The fourth meeting is the busiest. It covers:
- The annual IFC opinion preparation. The IA function presents the IFC testing results; the committee asks whether any deficiency requires classification as a significant deficiency or material weakness.
- The interaction with the statutory auditor. The committee meets the statutory auditor without management present, and asks specifically about any disagreements with management, scope limitations, or concerns about the control environment.
- The board's IFC representation. The committee reviews the draft IFC representation that will go into the board's report, and ensures it is consistent with the IA testing and the statutory auditor's opinion.
- The next year's IA plan (preliminary). The committee asks the IA function what they have already identified as emerging risks for the next cycle.
6. The three questions every meeting.
Regardless of what is on the agenda, three questions belong in every audit-committee meeting:
"What did internal audit find this quarter that surprised you?"
The answer should not be "nothing". An IA function that surprises no-one is either not looking hard enough or is not telling the committee everything.
"Which open findings worry you most, and why?"
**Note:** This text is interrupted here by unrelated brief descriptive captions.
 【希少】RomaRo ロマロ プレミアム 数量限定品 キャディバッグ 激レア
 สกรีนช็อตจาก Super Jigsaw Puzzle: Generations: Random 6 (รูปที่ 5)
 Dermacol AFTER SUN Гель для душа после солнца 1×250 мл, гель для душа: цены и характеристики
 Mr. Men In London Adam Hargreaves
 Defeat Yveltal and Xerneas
The committee should hear the IA function's judgement, not just the status of the register. The findings that worry an experienced auditor are not always the ones with the highest financial impact.
"Where does management push back on your findings, and how is that being resolved?"
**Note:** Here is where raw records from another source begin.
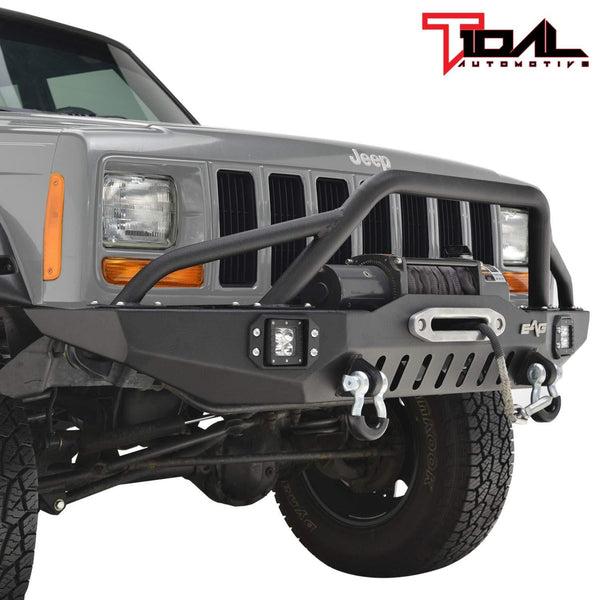 Tidal Off-road Front Bumper with LED Lights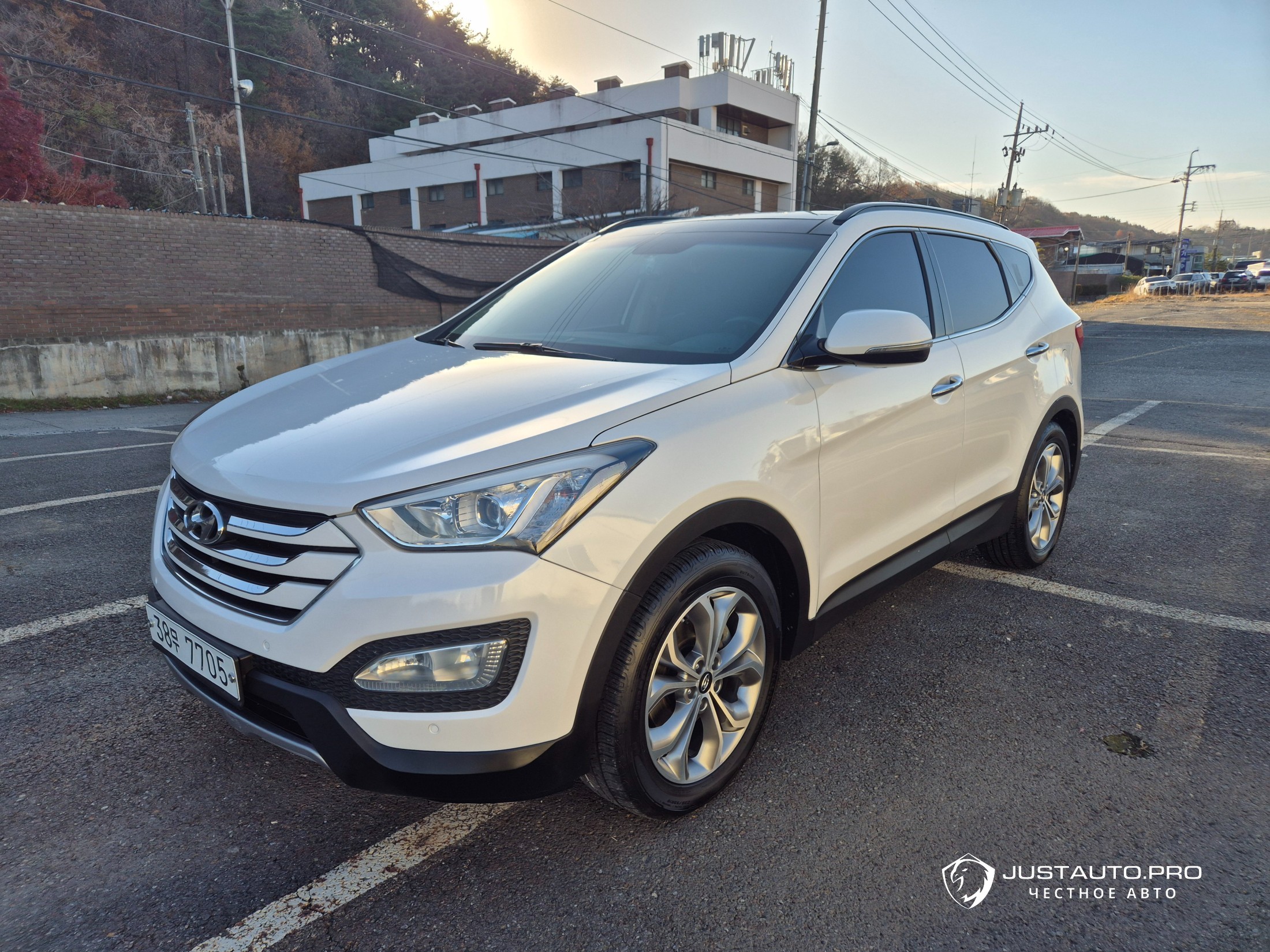 Автомобиль Hyundai Santafe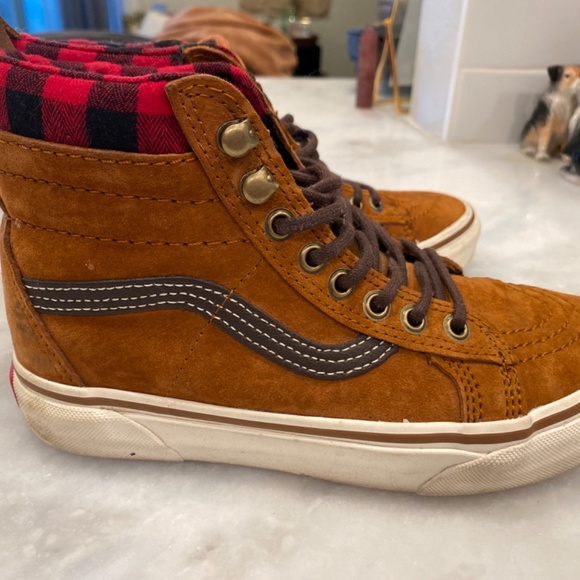 Vans MTE high top suede size 6 - Picture 5 of 6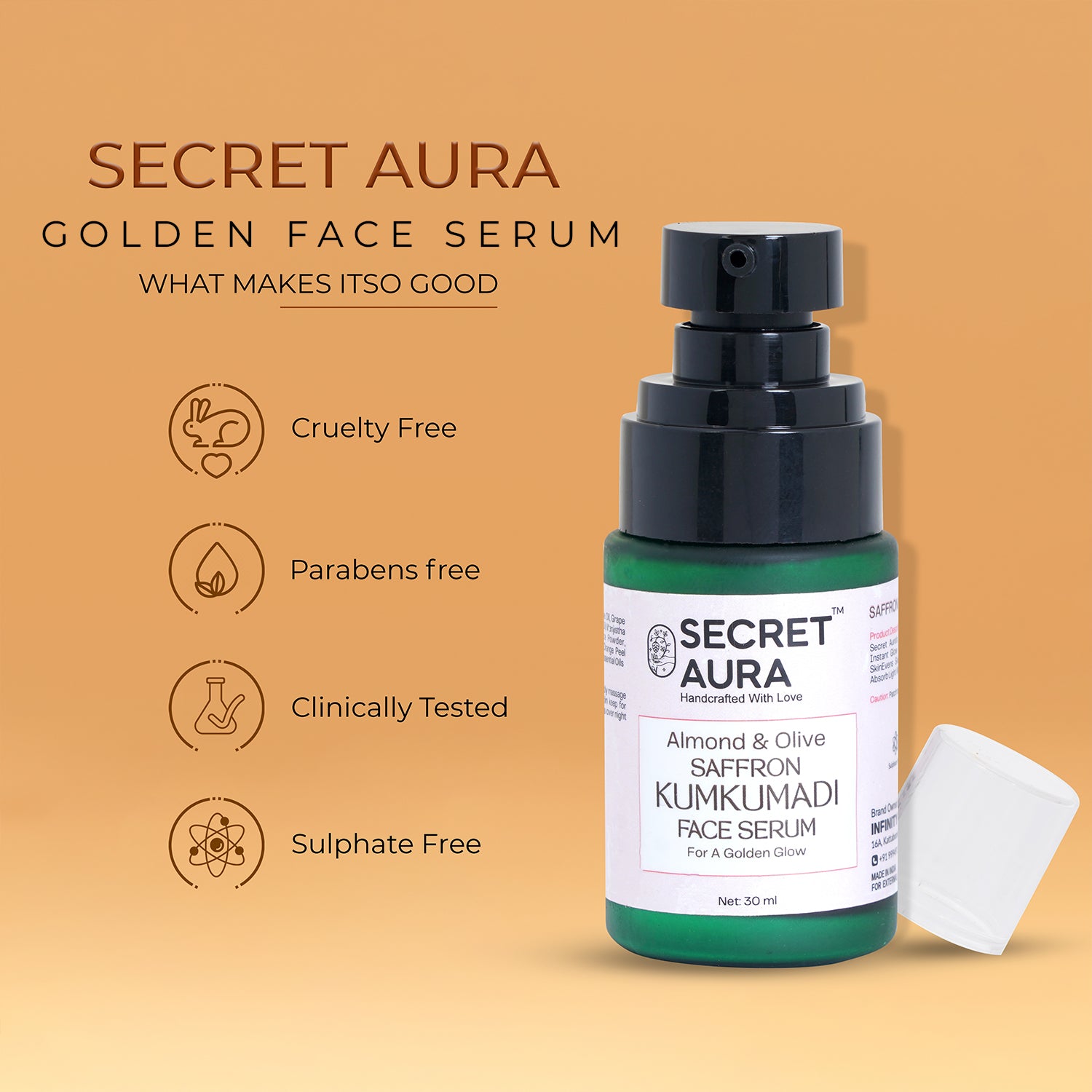 Golden Face Serum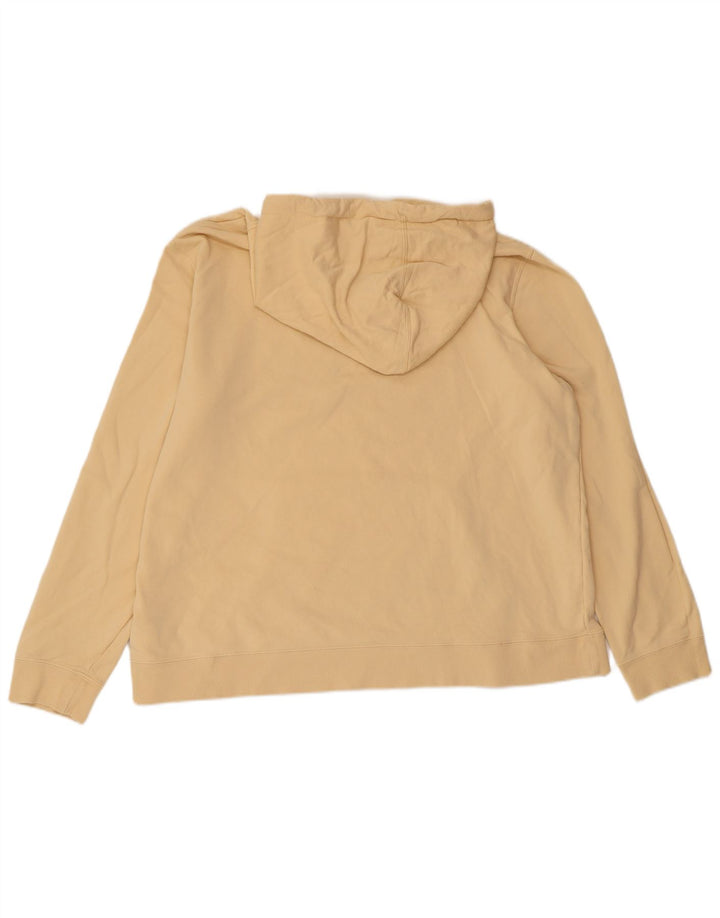 Puma Sudadera con capucha para mujer UK 20 2XL Algodón beige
Productive disagreement is healthy. Persistent disagreement is a signal. The committee's job is to know which is which.
Frequently asked
How often should the audit committee meet?
The Companies Act, 2013 prescribes a minimum of four meetings a year for listed and prescribed companies, with not more than four months between meetings. In practice, the cadence aligns with the quarterly results, with additional meetings called as needed for the annual IFC review or for specific events.
Should the internal auditor have direct access to the audit committee chair?
Yes. The internal auditor reports functionally to the audit committee; an open, direct channel to the committee chair (outside formal meetings) is essential and is normally formalised in the IA charter.
What is the audit committee's role in approving the IA firm appointment?
The audit committee recommends the appointment, reappointment, terms and remuneration of the internal auditor to the board. This includes formally approving any change of IA firm and the rotation of the lead engagement partner where applicable.
How does the audit committee handle a finding management rejects?
First, hear both sides. Second, if the disagreement involves a matter of judgement (e.g. classification of an item), the committee may accept either position with reasoning recorded. Third, if the disagreement involves a question of fact (e.g. whether a control exists), the committee may direct further work to resolve the factual question.
What is the role of the audit committee in fraud reporting?
Section 143(12) of the Companies Act, 2013 requires the statutory auditor to report any fraud above the prescribed threshold to the central government, and below the threshold to the audit committee. The audit committee should have a documented protocol for receiving and acting on such reports, including from internal sources, the IA function, and whistleblower channels.